As part of Anurak's Sustainability Management Plan, site infrastructure, policies and procedures are guided by our ethos of reduce, reuse and recycle. Guests and staff are encouraged to save energy and water. Single-use plastic, Styrofoam, cardboard plates, etc are banned. Plastic straws have been replaced with metal and bamboo ones. An onsite recycling station has been set up, along with a composting area. A gray water treatment filter system for laundry wastewater is currently being installed. That water will be used to irrigate Anurak's onsite vegetable garden and for our Rain Forest Rising project.

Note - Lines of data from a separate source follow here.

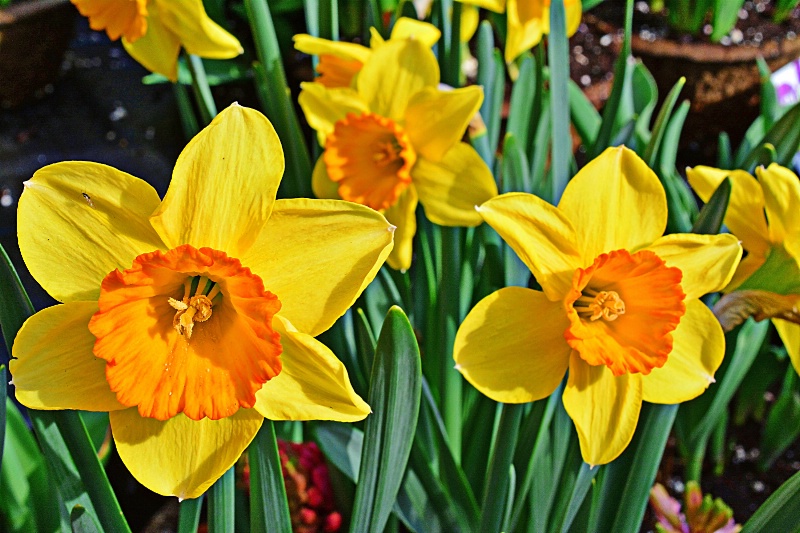 -----------"My Daffodils"---------
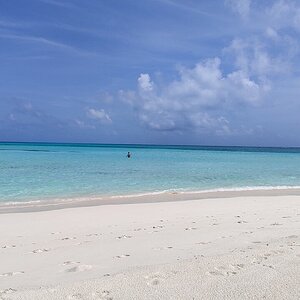 IMG_20210630_102650.jpg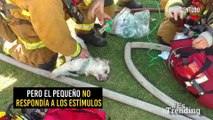 El emocionante momento en el que bomberos reaniman a un perro que quedó atrapado en incendio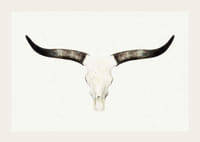 Crâne d'animal photoréaliste avec de longues cornes sur fond blanc-3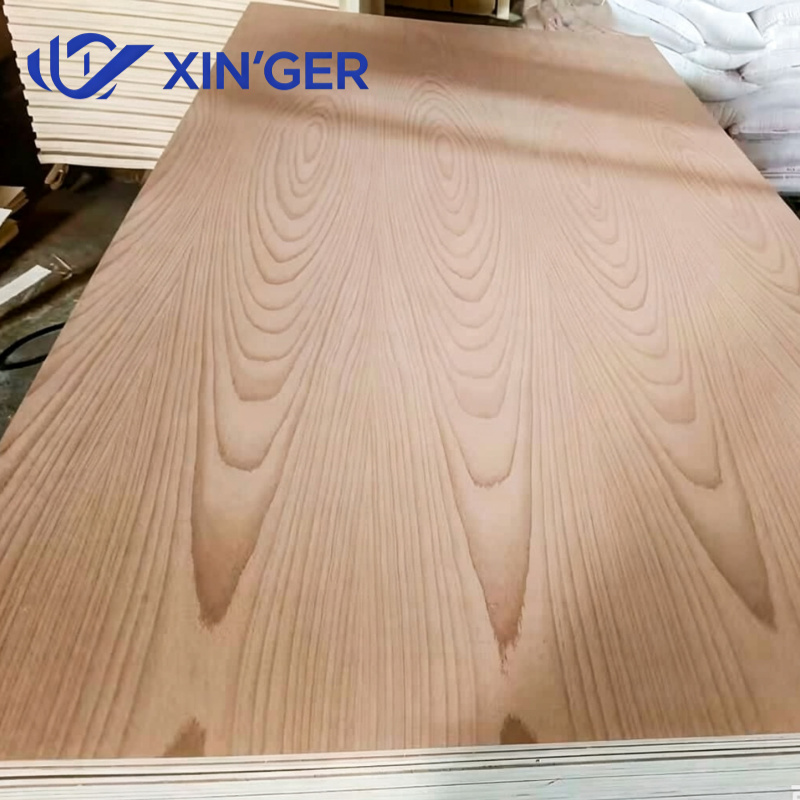BEECH PLYWOOD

YAANA Ventures has also developed a hotel management platform that will go a long way in taking Anurak Lodge paperless. When fully implemented, by the end of this year, we aim to do away with restaurant chits, housekeeping forms and most of our paper reporting. Menus are printed on recycled paper. Worn towels, sheets and tablecloths are donated to charity, while damaged towels and sheets are converted into cleaning rags.
Beyond the physical environment, community relations are a vital part of Anurak's culture. Our 24 full-time staff are mostly recruited from neighboring villages. Through environmental awareness training and experience from working with the Anurak concept, they have become de facto environment ambassadors within the community. They spread the word about the benefits of simple, day-to-day sustainable practices that can be used at home as well.